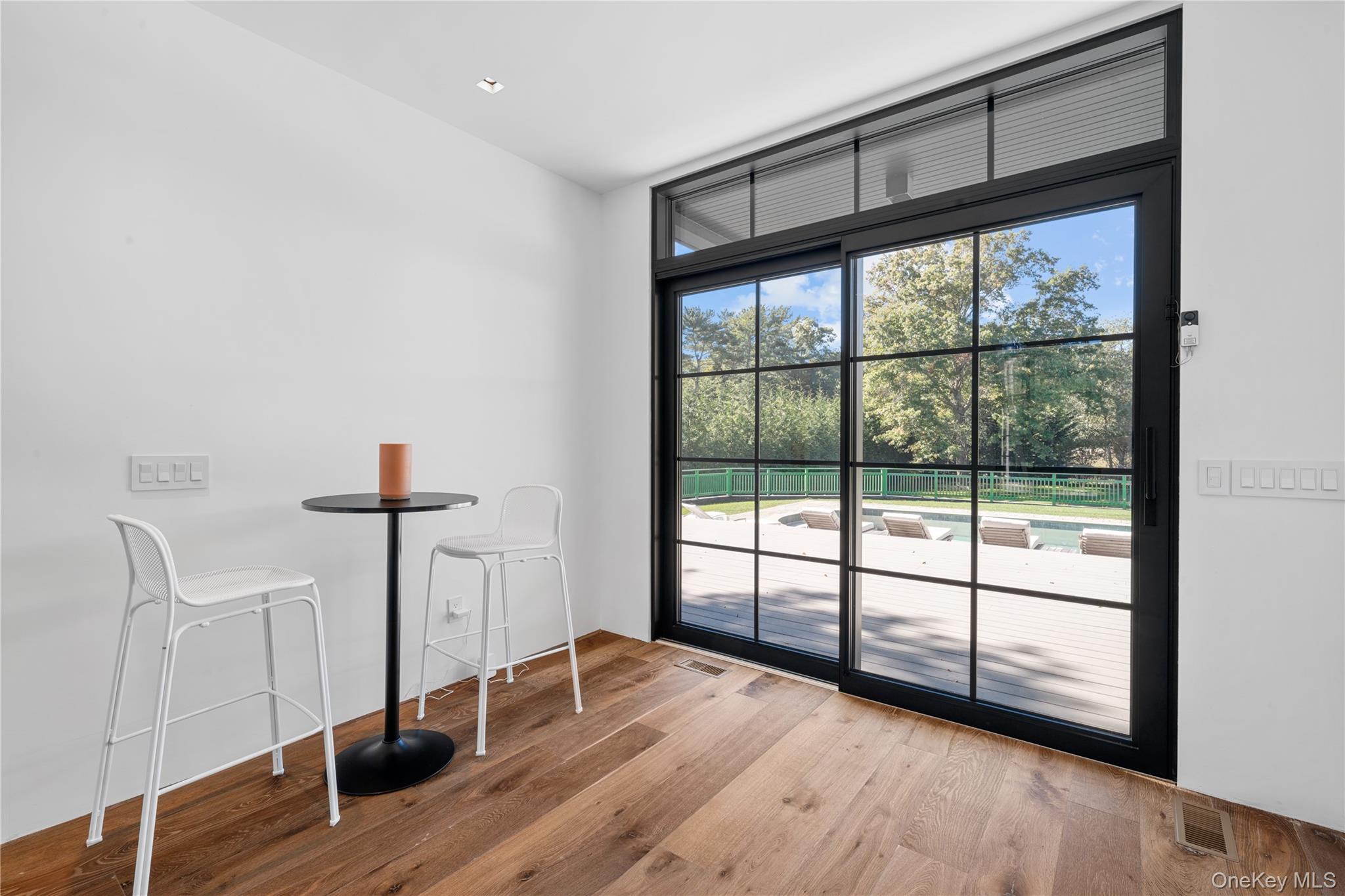 #18 photo, 15 Atterbury Road, Southampton , NY 11968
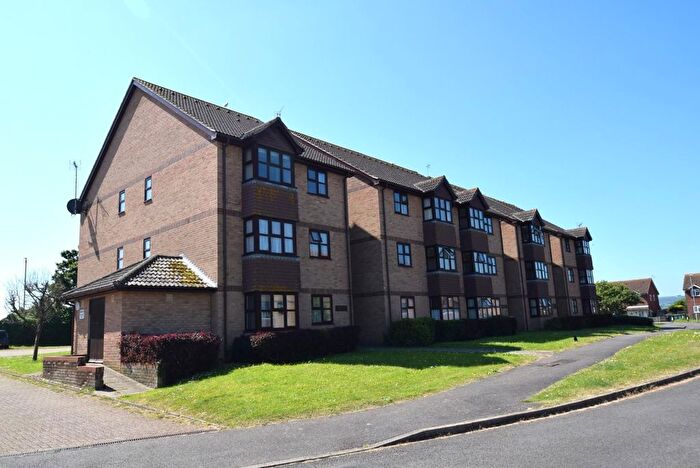 1 Bedroom Flat To Rent In Snowdon Close, Eastbourne, BN23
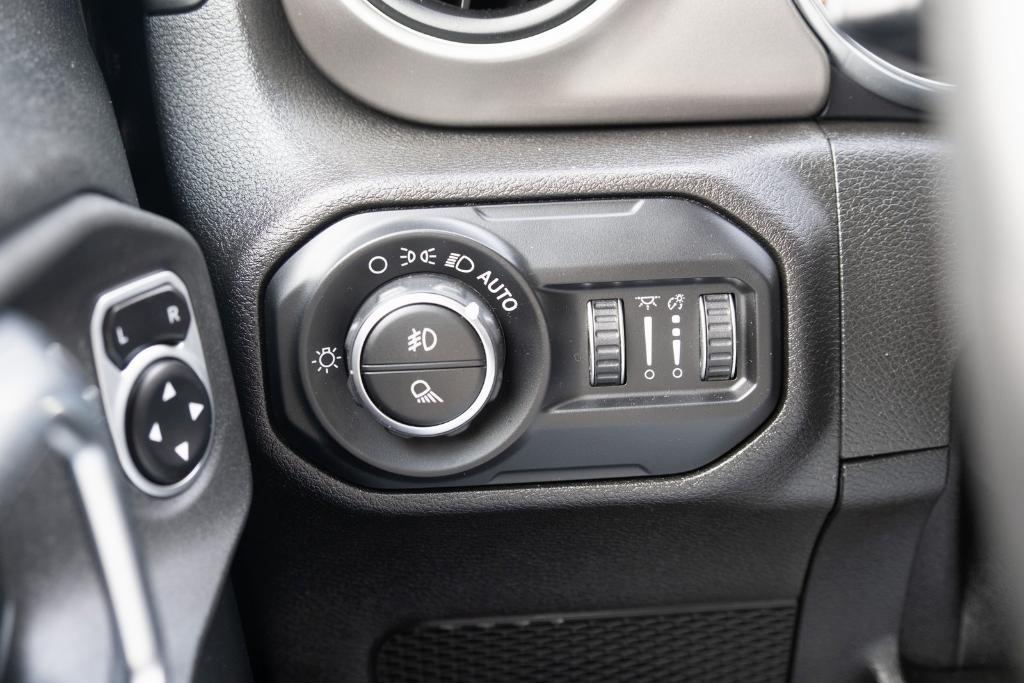 used 2020 Jeep Gladiator car, priced at $25,985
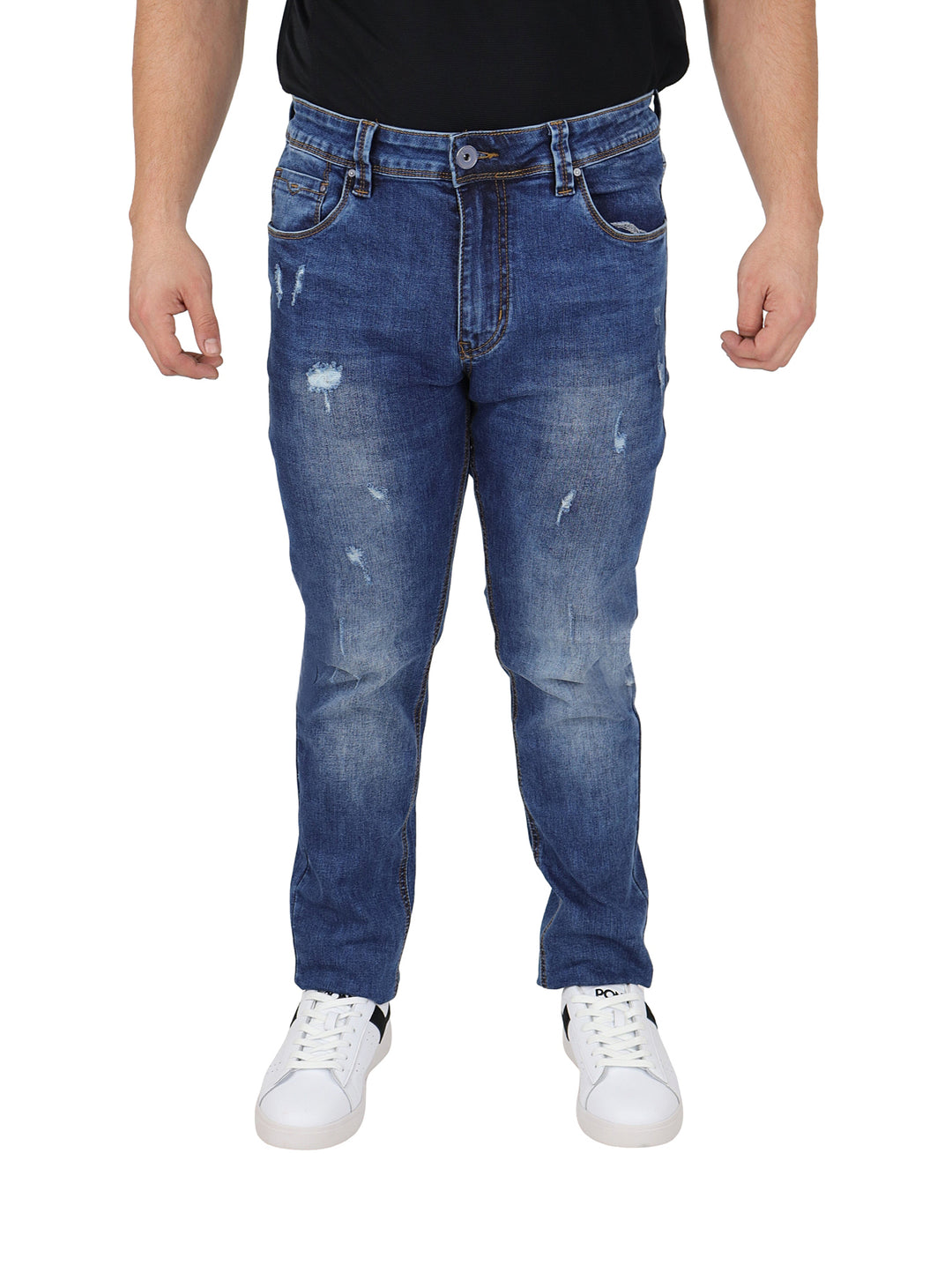 Hombre vistiendo pantalones jeans azul con efecto stone wash y detalles de destrucción.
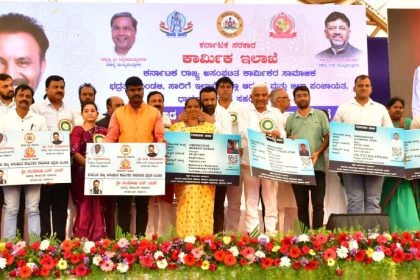 ಧಾರವಾಡ: ಅಸಂಘಟಿತ ಕಾರ್ಮಿಕರಿಗೆ ಸ್ಮಾರ್ಟ್‌ ಕಾರ್ಡ್‌ ವಿತರಣೆ ಕಾರ್ಯಕ್ರಮದಲ್ಲಿ ಕಾರ್ಮಿಕ ಸಚಿವ ಸಂತೋಷ್‌ ಲಾಡ್‌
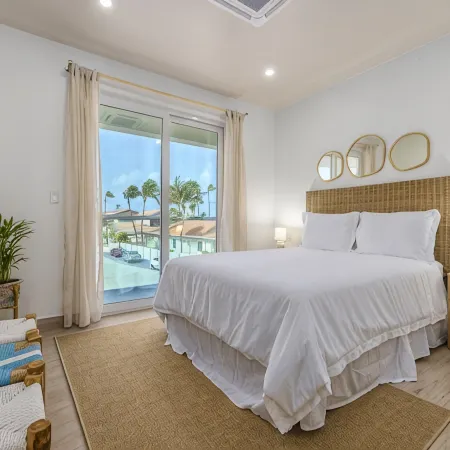 High-End Villa ~ Walk to Beach ~  Private Pool ~ Ocean View
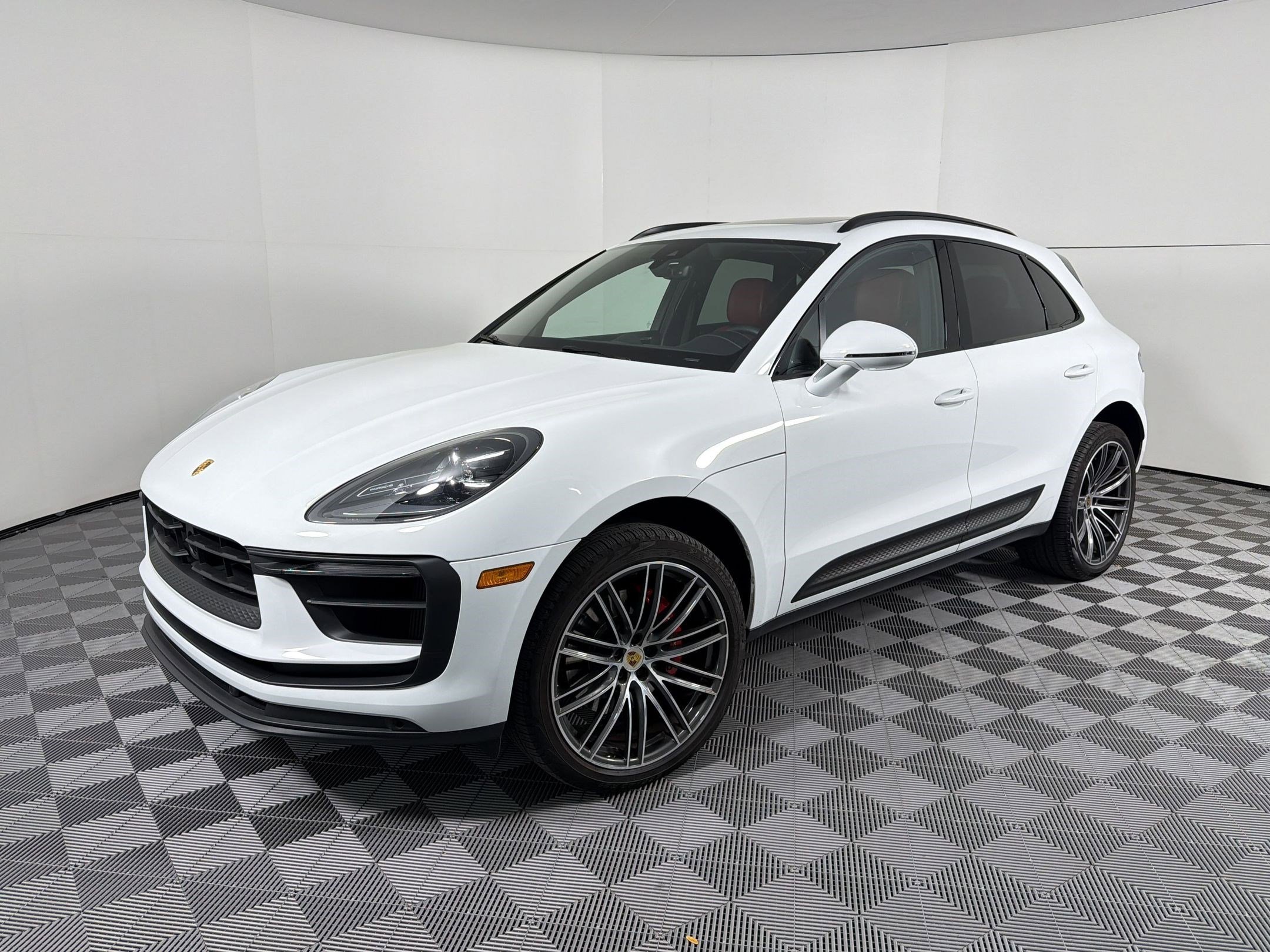 Certified 2023 Porsche Macan S image 1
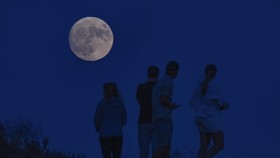 Masih Ada Supermoon Biru Malam ini, Simak Cara Pantaunya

....................

__EXERCISE AIM__
All the records need to be retyped word for word, except for the pictures.

__TASK ANSWER__
 #18 photo, 15 Atterbury Road, Southampton , NY 11968
 1 Bedroom Flat To Rent In Snowdon Close, Eastbourne, BN23
 used 2020 Jeep Gladiator car, priced at $25,985
 Hombre vistiendo pantalones jeans azul con efecto stone wash y detalles de destrucción.
 ಧಾರವಾಡ: ಅಸಂಘಟಿತ ಕಾರ್ಮಿಕರಿಗೆ ಸ್ಮಾರ್ಟ್‌ ಕಾರ್ಡ್‌ ವಿತರಣೆ ಕಾರ್ಯಕ್ರಮದಲ್ಲಿ ಕಾರ್ಮಿಕ ಸಚಿವ ಸಂತೋಷ್‌ ಲಾಡ್‌
 High-End Villa ~ Walk to Beach ~  Private Pool ~ Ocean View
 Certified 2023 Porsche Macan S image 1
 Masih Ada Supermoon Biru Malam ini, Simak Cara Pantaunya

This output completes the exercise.